___ Information supplied ___

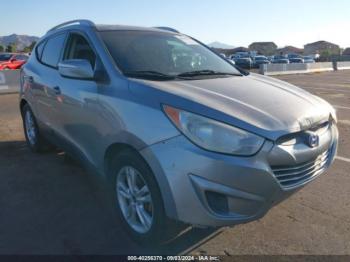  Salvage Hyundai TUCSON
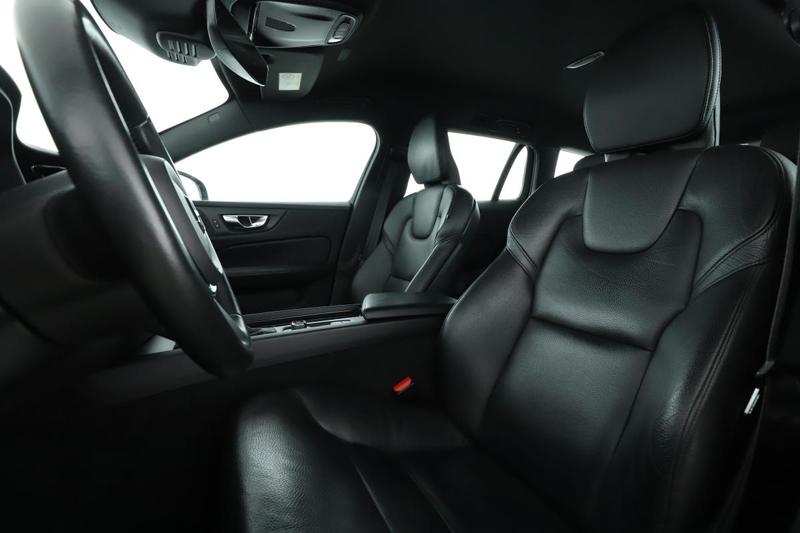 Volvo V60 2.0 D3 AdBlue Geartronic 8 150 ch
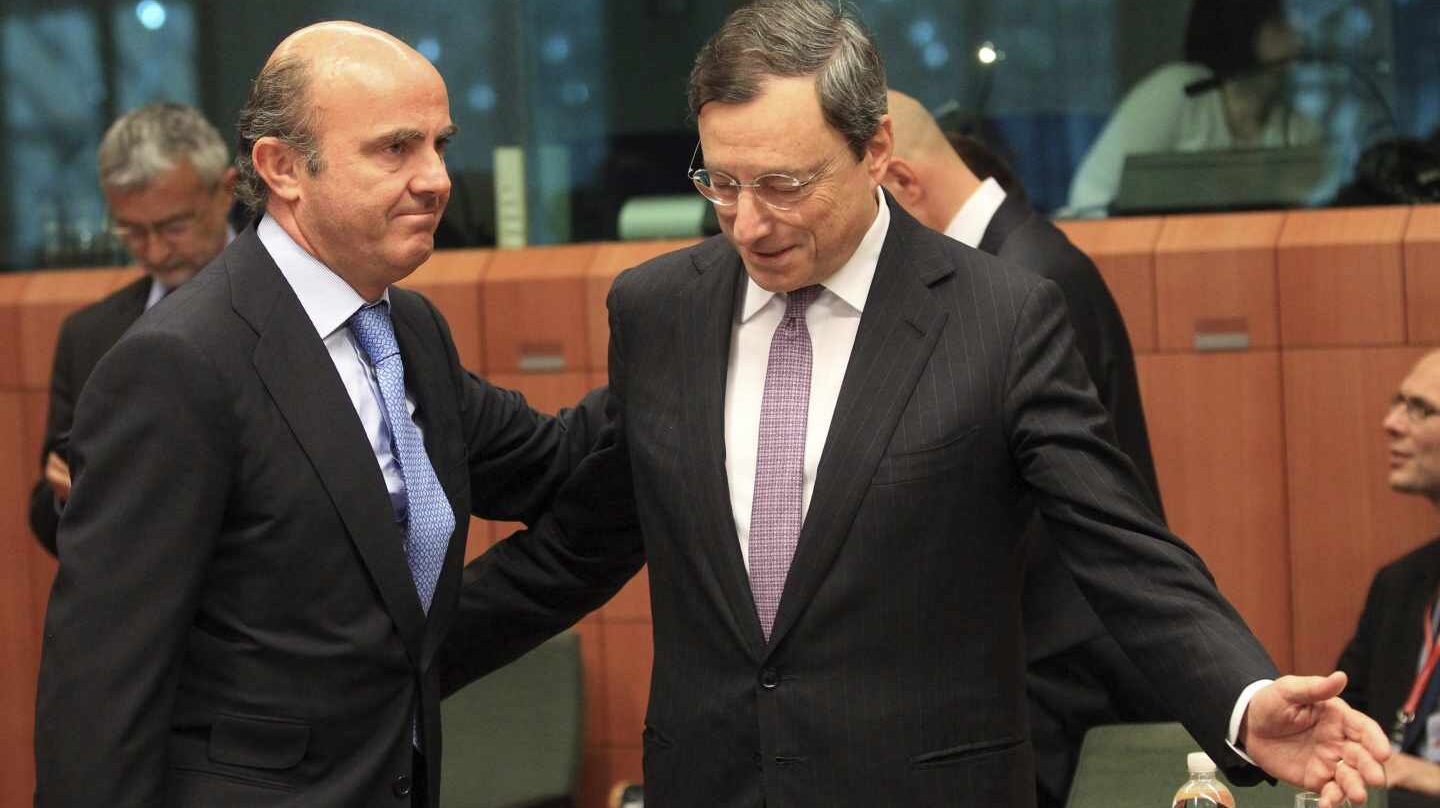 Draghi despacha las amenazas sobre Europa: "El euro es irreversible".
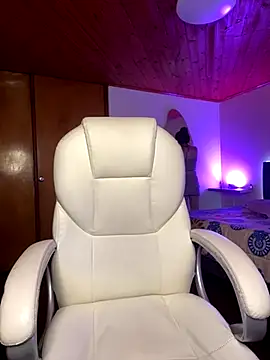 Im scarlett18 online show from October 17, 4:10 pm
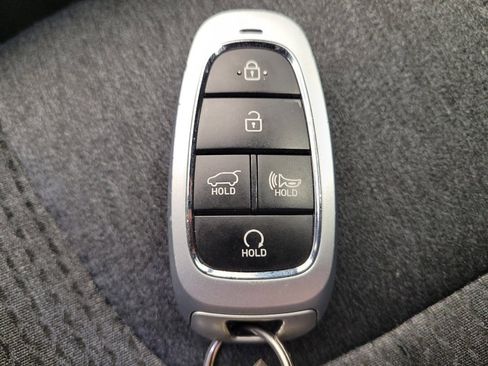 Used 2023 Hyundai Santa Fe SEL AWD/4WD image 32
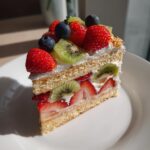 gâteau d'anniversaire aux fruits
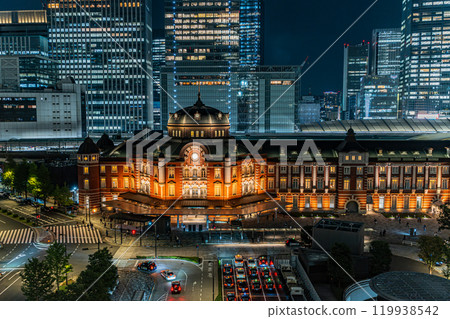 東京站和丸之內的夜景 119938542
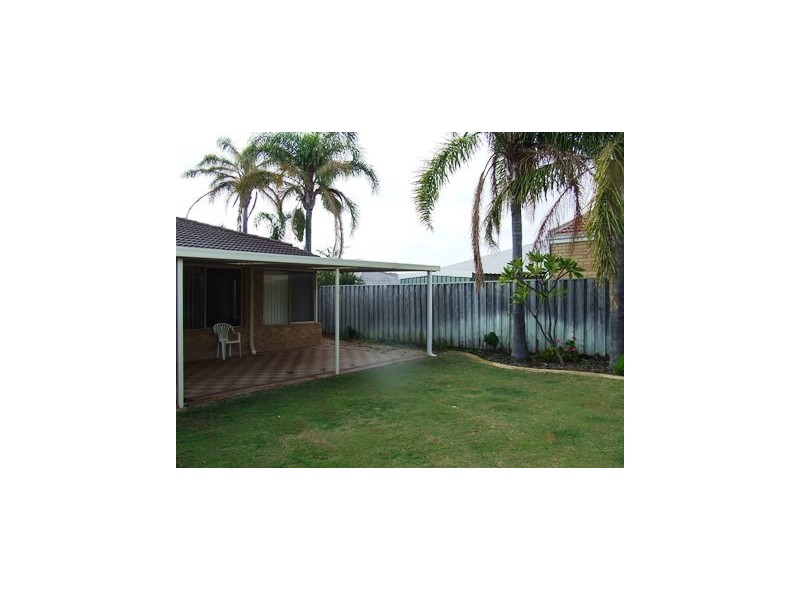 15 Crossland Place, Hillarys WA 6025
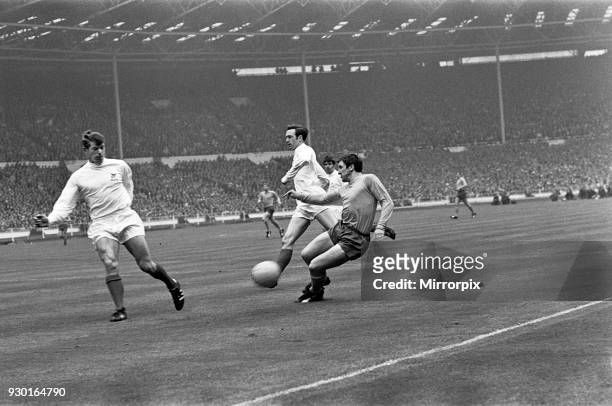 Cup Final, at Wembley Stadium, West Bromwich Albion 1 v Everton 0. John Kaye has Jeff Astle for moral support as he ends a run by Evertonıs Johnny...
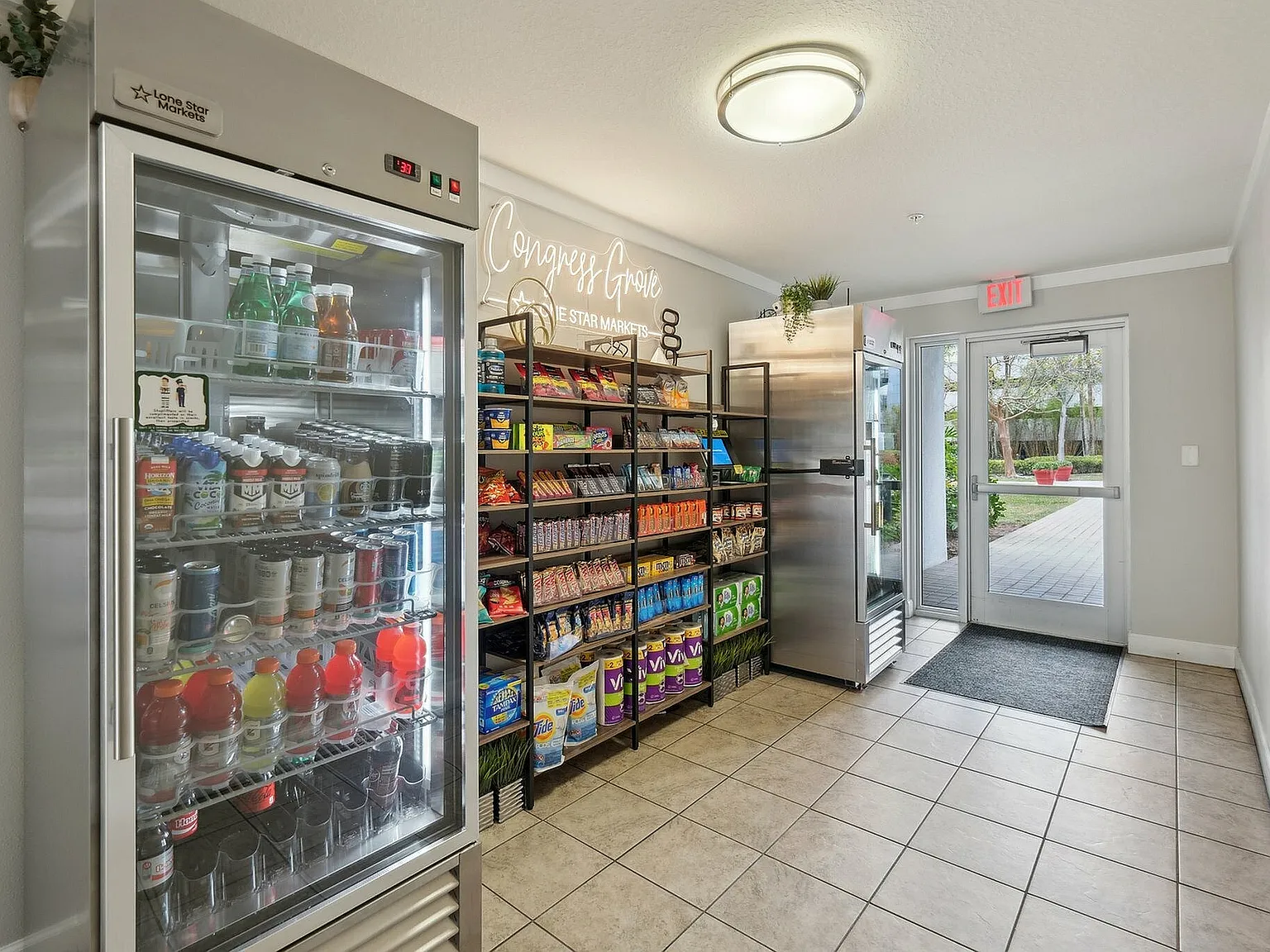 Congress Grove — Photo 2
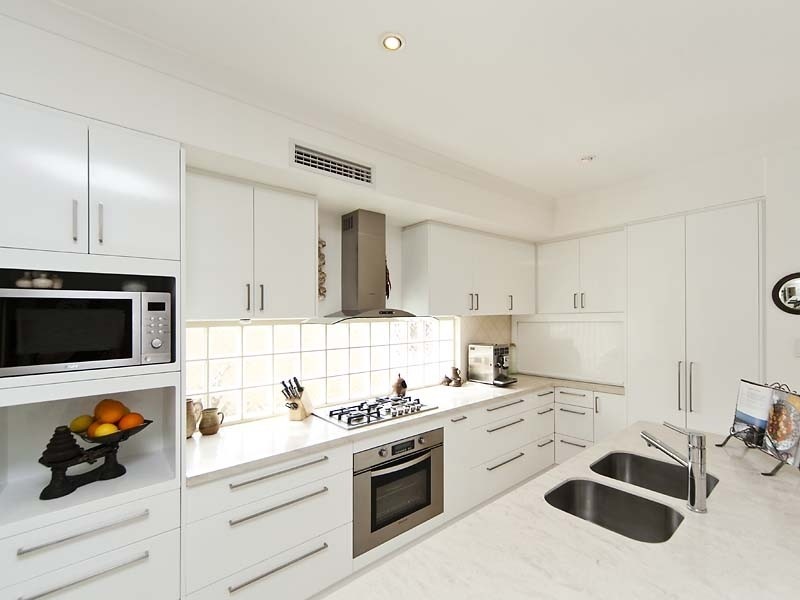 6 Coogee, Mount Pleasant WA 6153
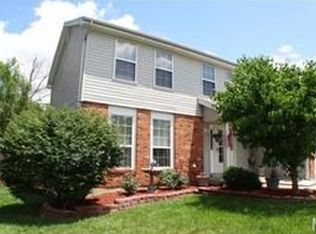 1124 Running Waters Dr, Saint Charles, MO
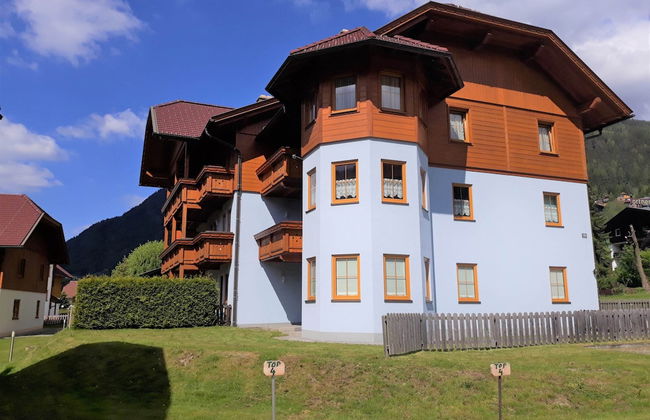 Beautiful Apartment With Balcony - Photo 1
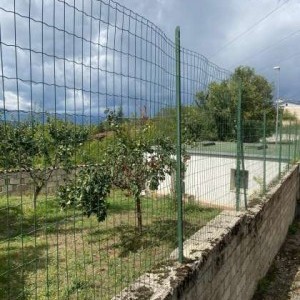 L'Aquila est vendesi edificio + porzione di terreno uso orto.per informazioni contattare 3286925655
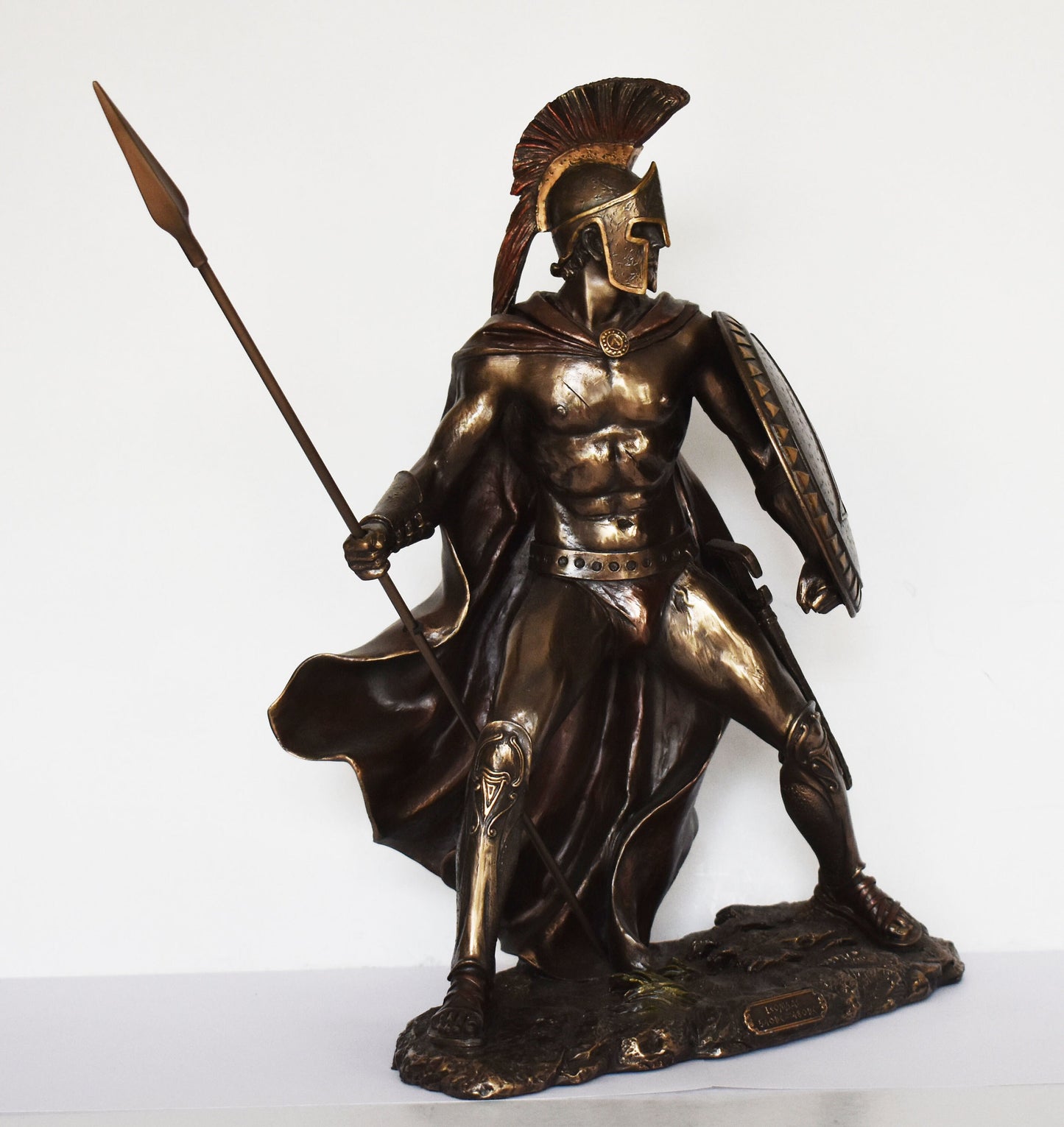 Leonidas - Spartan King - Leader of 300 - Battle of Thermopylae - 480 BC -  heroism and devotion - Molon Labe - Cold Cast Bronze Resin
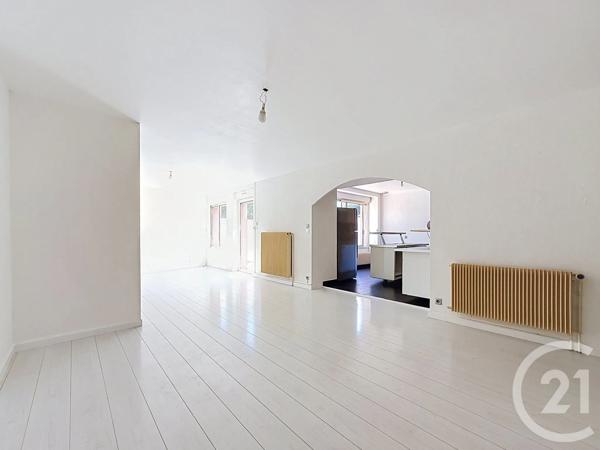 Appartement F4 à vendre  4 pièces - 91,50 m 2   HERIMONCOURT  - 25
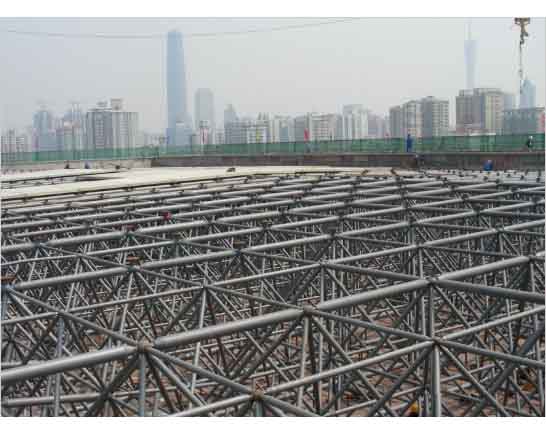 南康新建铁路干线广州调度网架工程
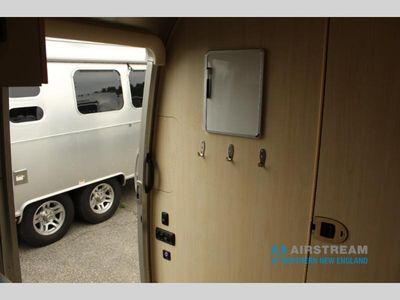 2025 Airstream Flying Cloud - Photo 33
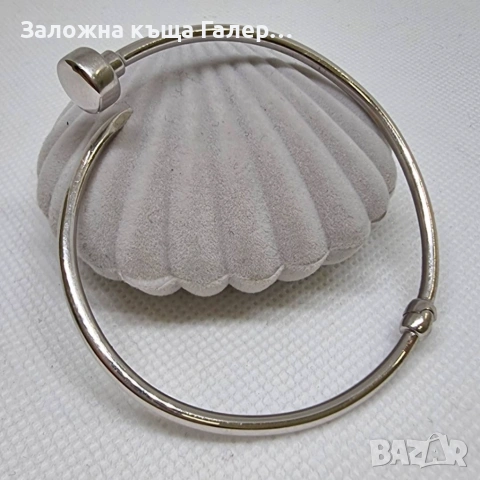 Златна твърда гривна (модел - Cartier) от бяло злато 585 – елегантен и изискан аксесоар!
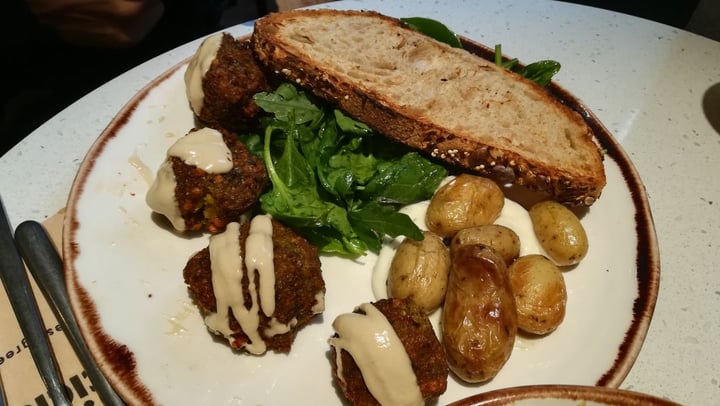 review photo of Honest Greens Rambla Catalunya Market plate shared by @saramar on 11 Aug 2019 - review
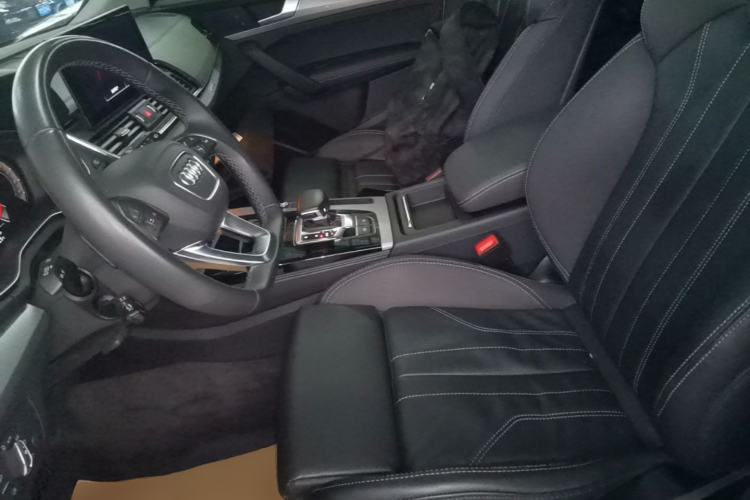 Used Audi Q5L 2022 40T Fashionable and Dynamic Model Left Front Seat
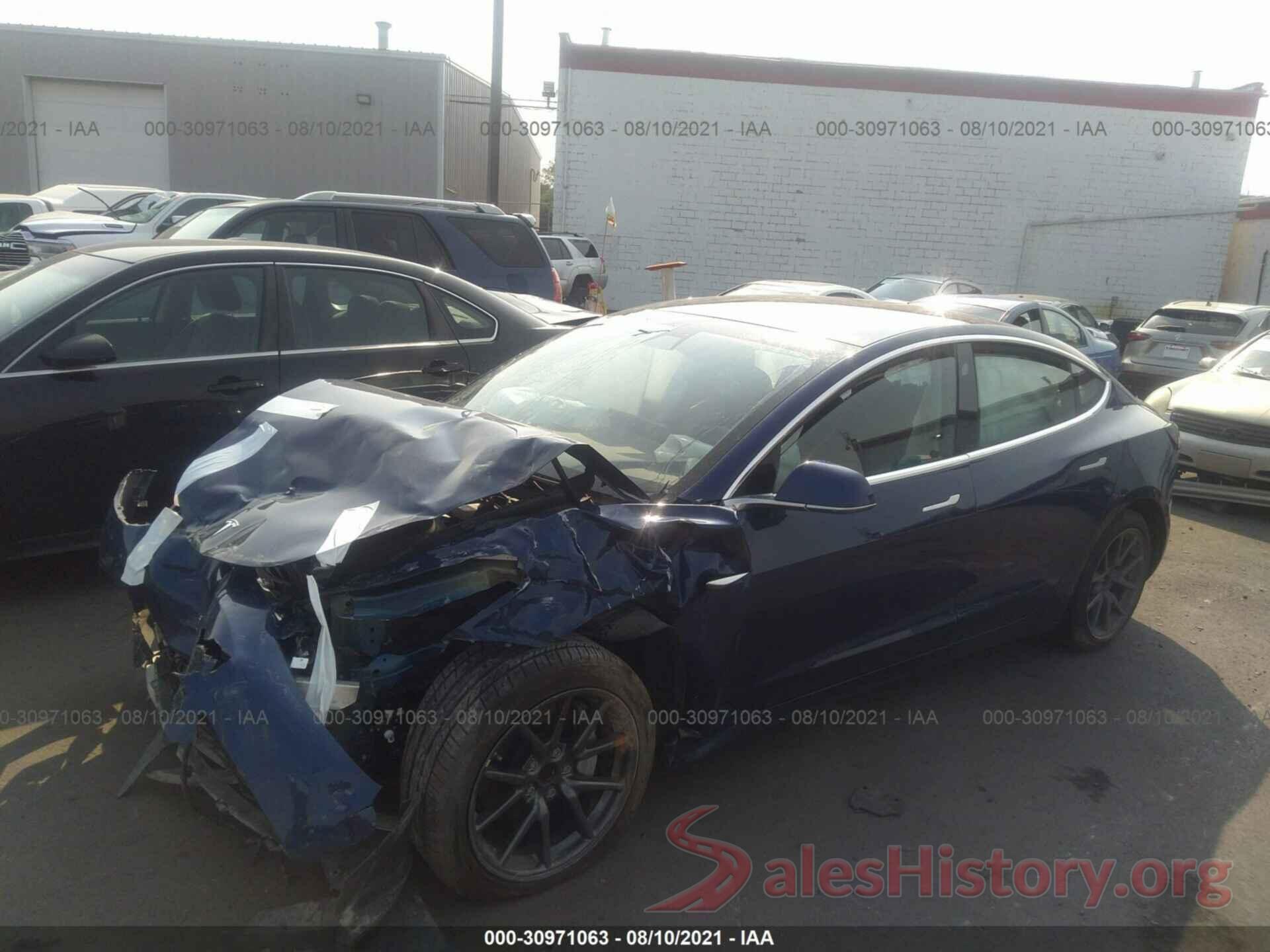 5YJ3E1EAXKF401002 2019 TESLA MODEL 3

___

• What is needed: Your job is to repeat the data exactly, leaving each picture out.

• Response area:
  Salvage Hyundai TUCSON
 Volvo V60 2.0 D3 AdBlue Geartronic 8 150 ch
 Draghi despacha las amenazas sobre Europa: "El euro es irreversible".
 Im scarlett18 online show from October 17, 4:10 pm
 Used 2023 Hyundai Santa Fe SEL AWD/4WD image 32
 gâteau d'anniversaire aux fruits
 東京站和丸之內的夜景 119938542
 15 Crossland Place, Hillarys WA 6025
 Cup Final, at Wembley Stadium, West Bromwich Albion 1 v Everton 0. John Kaye has Jeff Astle for moral support as he ends a run by Evertonıs Johnny...
 Congress Grove — Photo 2
 6 Coogee, Mount Pleasant WA 6153
 1124 Running Waters Dr, Saint Charles, MO
 Beautiful Apartment With Balcony - Photo 1
 L'Aquila est vendesi edificio + porzione di terreno uso orto.per informazioni contattare 3286925655
 Leonidas - Spartan King - Leader of 300 - Battle of Thermopylae - 480 BC -  heroism and devotion - Molon Labe - Cold Cast Bronze Resin
 Appartement F4 à vendre  4 pièces - 91,50 m 2   HERIMONCOURT  - 25
 南康新建铁路干线广州调度网架工程
 2025 Airstream Flying Cloud - Photo 33
 Златна твърда гривна (модел - Cartier) от бяло злато 585 – елегантен и изискан аксесоар!
 review photo of Honest Greens Rambla Catalunya Market plate shared by @saramar on 11 Aug 2019 - review
 Used Audi Q5L 2022 40T Fashionable and Dynamic Model Left Front Seat
 5YJ3E1EAXKF401002 2019 TESLA MODEL 3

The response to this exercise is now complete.